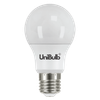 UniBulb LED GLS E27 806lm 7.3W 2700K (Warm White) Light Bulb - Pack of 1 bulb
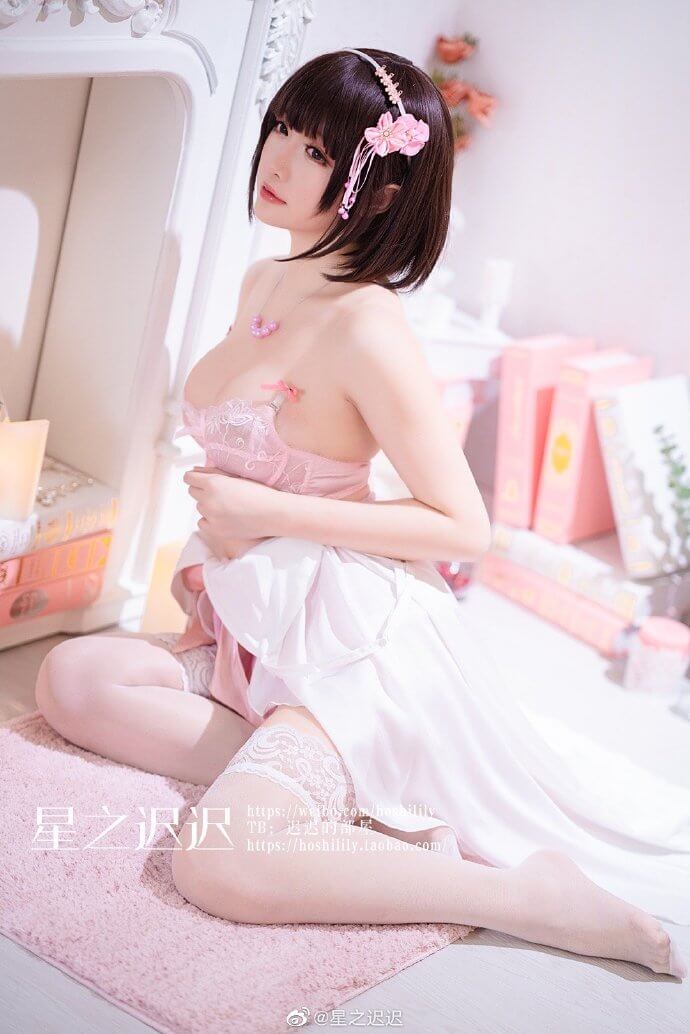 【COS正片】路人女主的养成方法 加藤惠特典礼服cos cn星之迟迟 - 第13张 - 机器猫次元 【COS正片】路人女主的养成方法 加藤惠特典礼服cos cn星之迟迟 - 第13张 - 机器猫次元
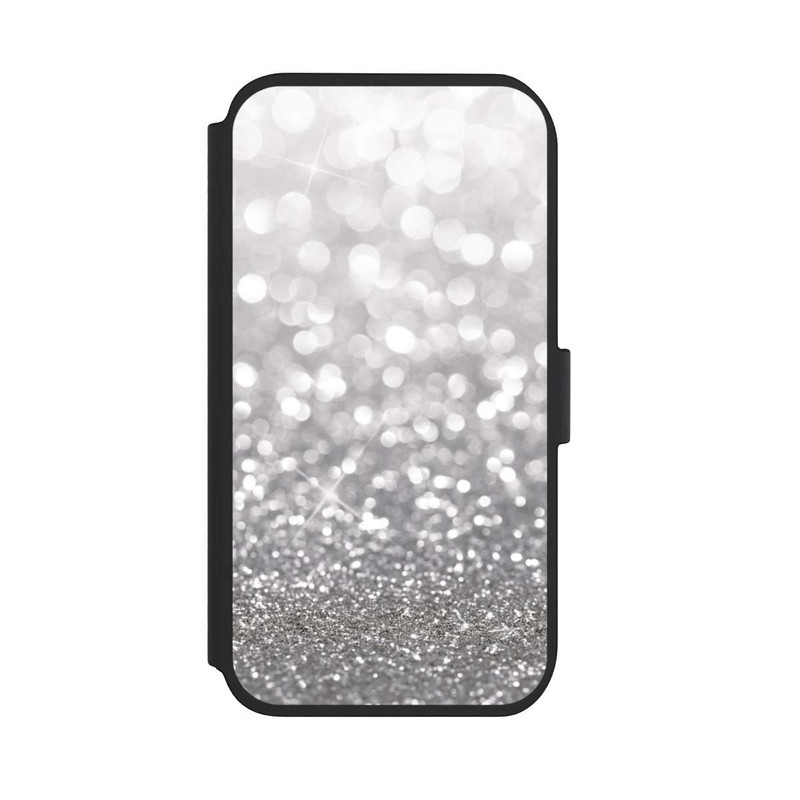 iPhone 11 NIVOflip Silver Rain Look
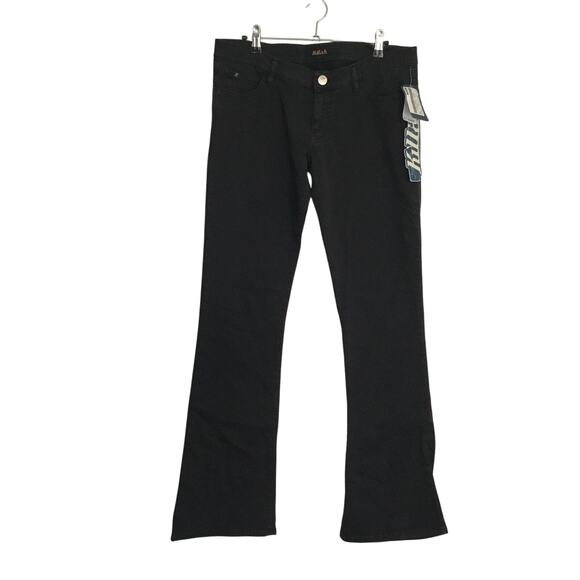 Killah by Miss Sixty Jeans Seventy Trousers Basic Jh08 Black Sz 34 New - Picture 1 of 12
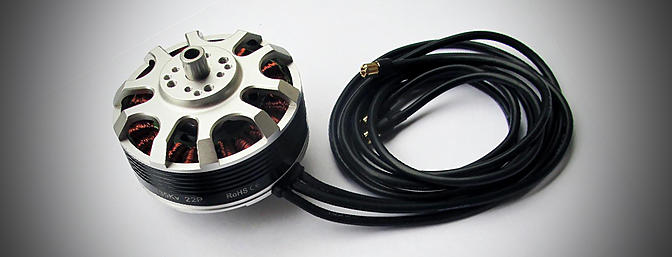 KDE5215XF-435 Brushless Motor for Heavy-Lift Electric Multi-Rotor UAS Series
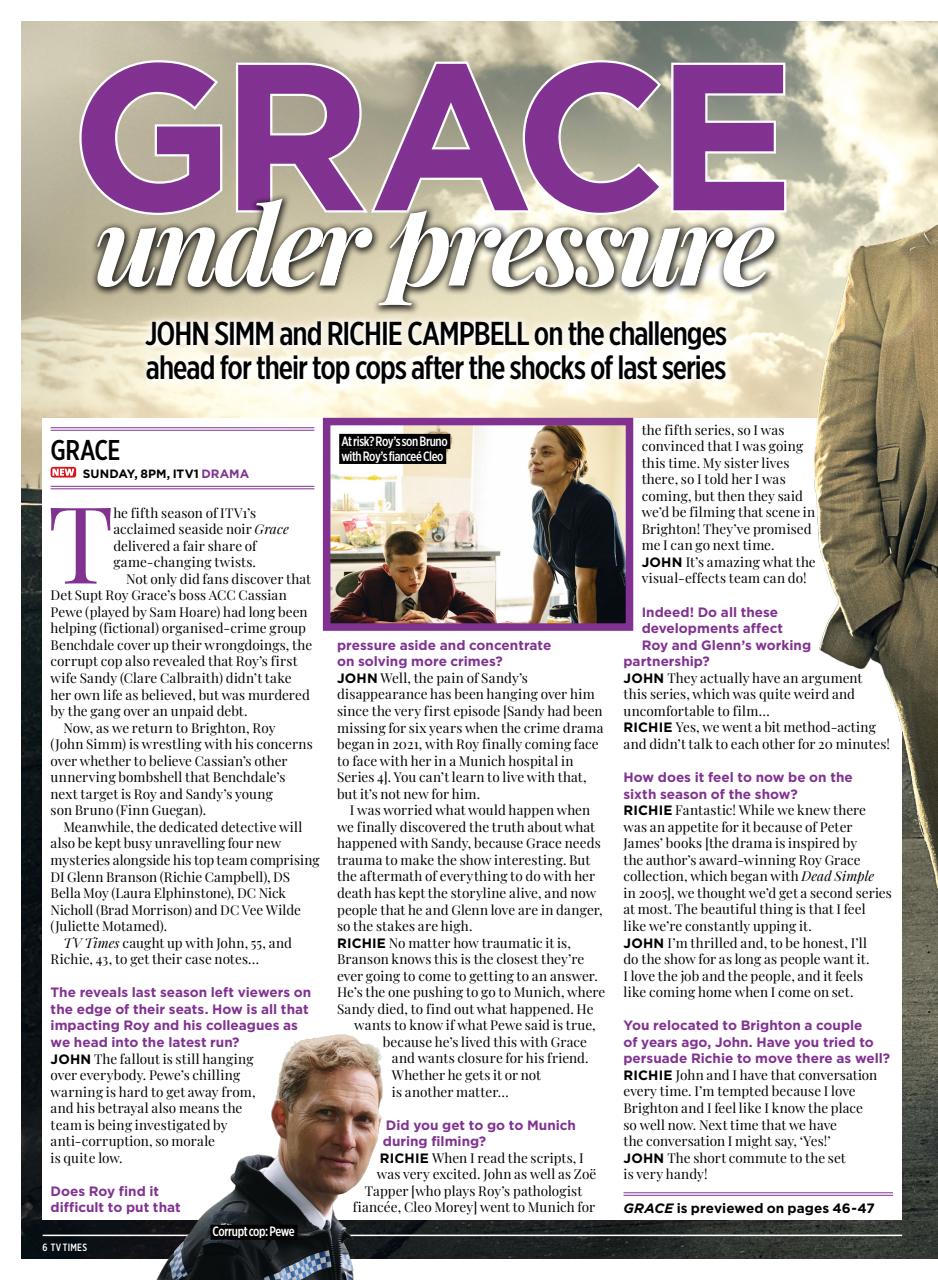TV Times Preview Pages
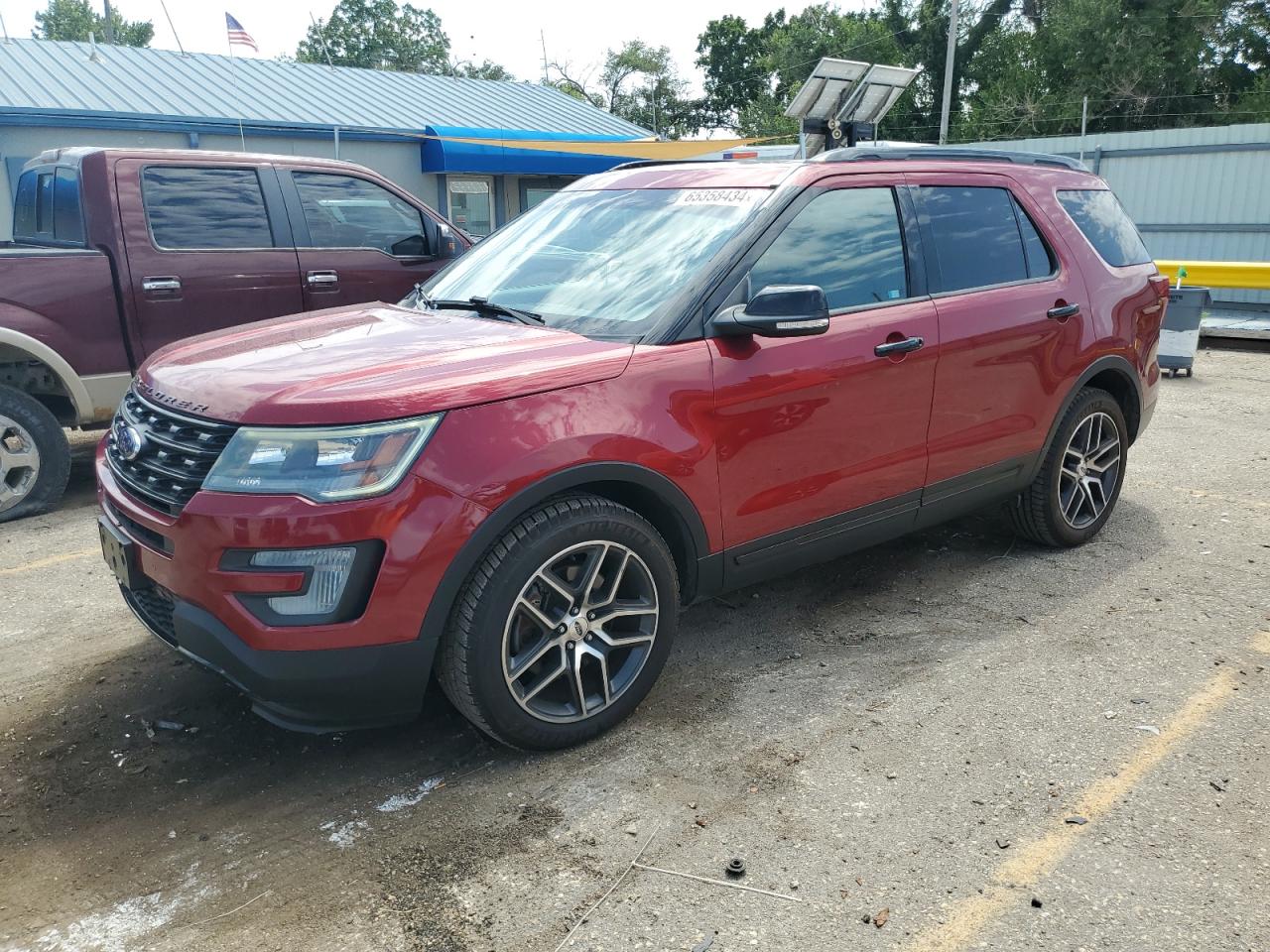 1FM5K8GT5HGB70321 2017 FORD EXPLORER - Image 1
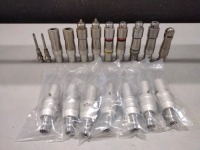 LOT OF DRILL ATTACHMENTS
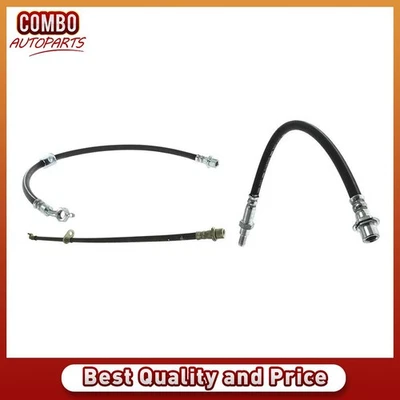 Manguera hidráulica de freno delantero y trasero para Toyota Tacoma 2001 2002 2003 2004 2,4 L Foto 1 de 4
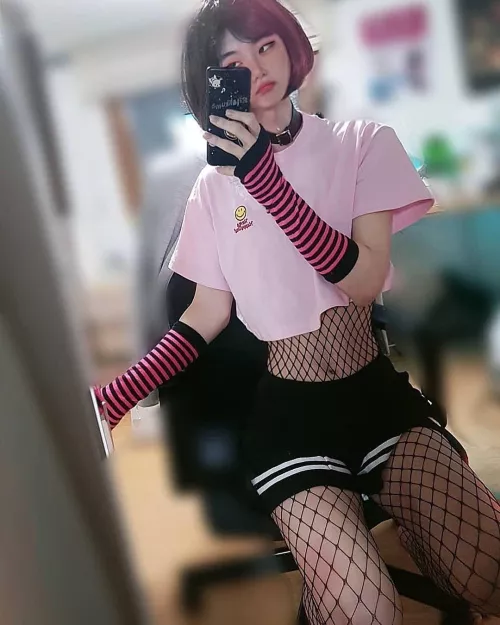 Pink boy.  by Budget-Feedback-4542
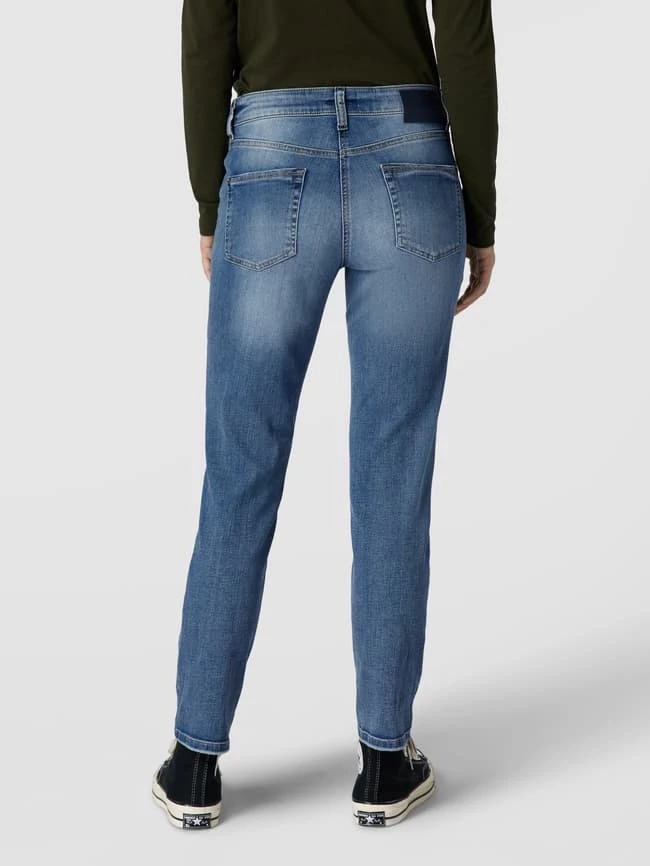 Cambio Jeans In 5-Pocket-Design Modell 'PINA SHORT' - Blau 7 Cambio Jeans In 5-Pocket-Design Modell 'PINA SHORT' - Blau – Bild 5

### Task details
Please copy exactly the lines from the one that contains "KDE5215XF-435 Brushless Motor" through the last line of the listing above, leaving out the pictures.

### Solution
 KDE5215XF-435 Brushless Motor for Heavy-Lift Electric Multi-Rotor UAS Series
TV Times Preview Pages
 1FM5K8GT5HGB70321 2017 FORD EXPLORER - Image 1
 LOT OF DRILL ATTACHMENTS
 Manguera hidráulica de freno delantero y trasero para Toyota Tacoma 2001 2002 2003 2004 2,4 L Foto 1 de 4
 Pink boy.  by Budget-Feedback-4542
 Cambio Jeans In 5-Pocket-Design Modell 'PINA SHORT' - Blau 7 Cambio Jeans In 5-Pocket-Design Modell 'PINA SHORT' - Blau – Bild 5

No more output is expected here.